The current implementation of i2c.write( id, data1, [data2], [data3],
... ) relies on this, yes, but that's going to have to be rewritten
too.  If you want to take a variable number of parameters in the new
i2c.send(), you'll have to concatenate their values into a Lua buffer
before calling the C platform interface with the whole data packet.
In fact, that might be a good feature to keep, making it easier for
users to construct structured I2C data packets.
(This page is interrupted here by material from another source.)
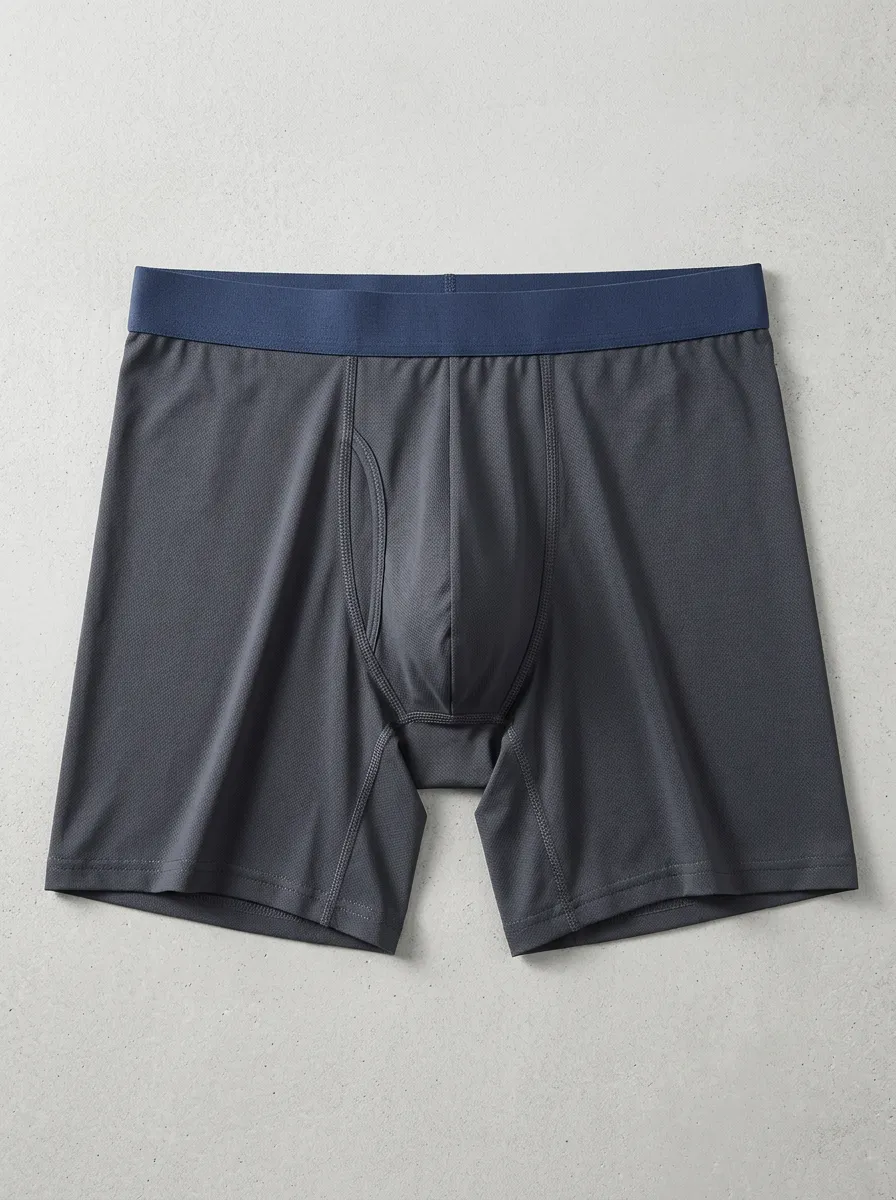 Men's Athletic Performance Grey Printed Boxer Briefs
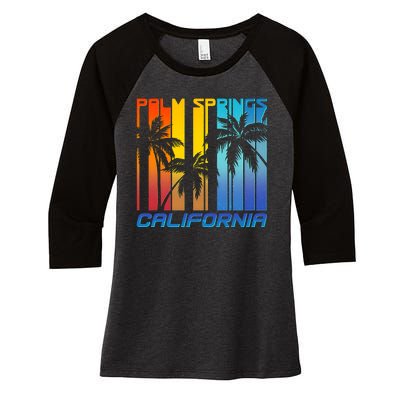 Cool Retro Palm Springs California  Women's Tri-Blend 3/4-Sleeve Raglan Shirt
Keep that thought in mind a moment...

Anyway, AVR32 cannot write data without an address; the hardware can
only handles complete I2C packets, so that's that.
If you go back to function calls that write half an I2C packet, the
AVR32 is going to have to collect them up until it gets a stop and
then send them all.  That means being able to allocate arbitrary
amounts of RAM in the C device driver, which I don't think is
desirable.

Furthermore, if you make the C platform interface deal only in whole
I2C packets, you can be sure to be able to implement I2C on other
future hardware platforms that also only deal in complete I2C packets.
AVR32 is just the first example we have found that needs this.

> If we do chunked reads (read_from_address followed by read) we
> can't know in advance when the last one will be sent. I'm guessing that the
> read functions need another parameter (ack_last_byte).

Yuck!  Why would you want to read half a response?

> After an EEPROM receives the data to
> write it needs some time to write it, during this time it will not be
> accesible and it will not ACK its device address.

Hmm.  Well, once you define the eeprom-reading and eeprom-writing
functions in Lua on top of the I2C module, you can move the check
there.  Assuming you have already probed for the presence of the
EEPROM, one idea is something like:
I'm also assuming the new i2c.send takes the same mutiple data
parameters as i2c.write

-- read data from eeprom with 16-bit address sent high byte first.
function i2c.eeprom.read( id, slave, mem_addr, nbytes )
 -- i2c.send: assuming nil means failure and some integer means the
number of bytes written
 repeat until i2c.send( id, slave, false, msb( mem_addr ), lsb( mem_addr ) )
 -- i2c.recv: assuming nil means failure, otherwise a string of the
data received
 return i2c.recv( id, slave, true, nbytes )
end

function i2c.eeprom.write( id, slave, mem_addr, data )
 repeat
   result = i2c.send( id, slave, true, msb( mem_addr ), lsb( mem_addr ), data )
 until result
 -- How many of the data bytes were written?
 if result < 2
   return nil
 else
   return result - 2
 fi
end

Again, the fact that these are in Lua reflects the fact that the
EEPROM data format is not part of I2C.  It's just one device that
happens to fill the I2C data with a 16-bit address in high-byte then
low-byte order, followed by the data to write to EEPROM.

My own problem with i2c.probe(id, address) is that AVR32 cannot send
empty data packets.

Do you happen to know what an I2C EEPROM does if you send it a single
0 byte (just the MSB of the memory address).
Ignores it, I hope; the spec doesn't say.